Content starts

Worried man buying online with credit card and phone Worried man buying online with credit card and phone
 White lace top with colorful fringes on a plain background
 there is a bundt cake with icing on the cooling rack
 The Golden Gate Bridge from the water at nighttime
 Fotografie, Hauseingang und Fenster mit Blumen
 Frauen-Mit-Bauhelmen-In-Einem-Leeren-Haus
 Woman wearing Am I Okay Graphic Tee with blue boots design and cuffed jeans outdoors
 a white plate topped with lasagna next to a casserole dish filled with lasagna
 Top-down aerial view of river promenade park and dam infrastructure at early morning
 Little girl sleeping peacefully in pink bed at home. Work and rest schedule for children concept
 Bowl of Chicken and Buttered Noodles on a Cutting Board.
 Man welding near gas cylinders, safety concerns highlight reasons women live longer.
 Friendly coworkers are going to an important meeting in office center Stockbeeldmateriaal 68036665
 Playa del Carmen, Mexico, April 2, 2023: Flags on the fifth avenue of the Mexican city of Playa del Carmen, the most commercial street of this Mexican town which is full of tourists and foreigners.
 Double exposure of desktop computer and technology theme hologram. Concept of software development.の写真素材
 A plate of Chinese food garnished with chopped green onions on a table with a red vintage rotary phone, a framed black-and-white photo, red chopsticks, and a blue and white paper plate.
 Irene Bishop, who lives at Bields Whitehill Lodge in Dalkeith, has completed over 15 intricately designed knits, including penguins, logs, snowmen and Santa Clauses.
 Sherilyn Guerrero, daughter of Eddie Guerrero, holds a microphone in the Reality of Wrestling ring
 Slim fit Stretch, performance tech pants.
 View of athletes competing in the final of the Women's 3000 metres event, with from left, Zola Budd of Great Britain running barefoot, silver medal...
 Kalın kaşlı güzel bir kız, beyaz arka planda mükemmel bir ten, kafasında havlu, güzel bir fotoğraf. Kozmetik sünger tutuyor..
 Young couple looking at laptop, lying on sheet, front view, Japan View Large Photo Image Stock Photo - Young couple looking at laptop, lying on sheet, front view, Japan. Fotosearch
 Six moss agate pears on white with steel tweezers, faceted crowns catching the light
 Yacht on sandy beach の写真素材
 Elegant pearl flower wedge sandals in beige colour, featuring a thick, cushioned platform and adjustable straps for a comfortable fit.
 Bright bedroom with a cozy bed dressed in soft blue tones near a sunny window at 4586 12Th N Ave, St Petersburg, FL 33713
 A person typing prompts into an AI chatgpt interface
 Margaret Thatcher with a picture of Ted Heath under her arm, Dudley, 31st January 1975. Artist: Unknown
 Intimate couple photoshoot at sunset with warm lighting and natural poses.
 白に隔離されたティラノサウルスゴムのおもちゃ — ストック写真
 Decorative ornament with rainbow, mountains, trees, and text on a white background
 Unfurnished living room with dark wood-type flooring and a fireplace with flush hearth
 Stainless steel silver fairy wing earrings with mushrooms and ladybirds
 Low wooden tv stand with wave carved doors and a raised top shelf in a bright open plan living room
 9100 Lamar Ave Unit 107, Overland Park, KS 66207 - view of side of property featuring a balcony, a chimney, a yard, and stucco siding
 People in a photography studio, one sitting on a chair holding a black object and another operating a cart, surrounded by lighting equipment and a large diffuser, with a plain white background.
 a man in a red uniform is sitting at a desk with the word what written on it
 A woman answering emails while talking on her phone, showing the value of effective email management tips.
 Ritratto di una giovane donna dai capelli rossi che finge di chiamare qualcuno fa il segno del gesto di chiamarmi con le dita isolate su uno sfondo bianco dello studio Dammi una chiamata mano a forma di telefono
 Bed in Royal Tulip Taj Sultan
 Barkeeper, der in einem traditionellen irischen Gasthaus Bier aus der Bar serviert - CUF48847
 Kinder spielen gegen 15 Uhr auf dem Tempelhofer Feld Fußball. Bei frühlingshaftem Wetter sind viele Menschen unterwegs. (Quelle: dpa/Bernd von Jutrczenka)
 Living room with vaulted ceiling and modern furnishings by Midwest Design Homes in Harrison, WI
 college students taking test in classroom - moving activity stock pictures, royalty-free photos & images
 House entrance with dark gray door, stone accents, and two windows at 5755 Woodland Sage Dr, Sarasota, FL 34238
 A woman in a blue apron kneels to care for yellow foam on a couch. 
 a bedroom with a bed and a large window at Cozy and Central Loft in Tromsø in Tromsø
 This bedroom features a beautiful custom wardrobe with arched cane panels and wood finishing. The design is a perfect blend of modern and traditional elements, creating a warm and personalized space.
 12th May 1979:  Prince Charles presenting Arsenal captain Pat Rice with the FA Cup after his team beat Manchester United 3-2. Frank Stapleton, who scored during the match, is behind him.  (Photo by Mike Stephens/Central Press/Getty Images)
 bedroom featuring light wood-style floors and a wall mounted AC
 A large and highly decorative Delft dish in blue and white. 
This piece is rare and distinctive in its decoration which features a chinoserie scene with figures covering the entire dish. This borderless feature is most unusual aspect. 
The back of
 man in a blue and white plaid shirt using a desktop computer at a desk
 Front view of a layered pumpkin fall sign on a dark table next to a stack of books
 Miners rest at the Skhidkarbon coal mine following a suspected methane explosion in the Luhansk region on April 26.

Content ends

_Try it:_
List each line in the listing that contains the string "の写真素材".

_Expected answer:_
 Double exposure of desktop computer and technology theme hologram. Concept of software development.の写真素材
 Yacht on sandy beach の写真素材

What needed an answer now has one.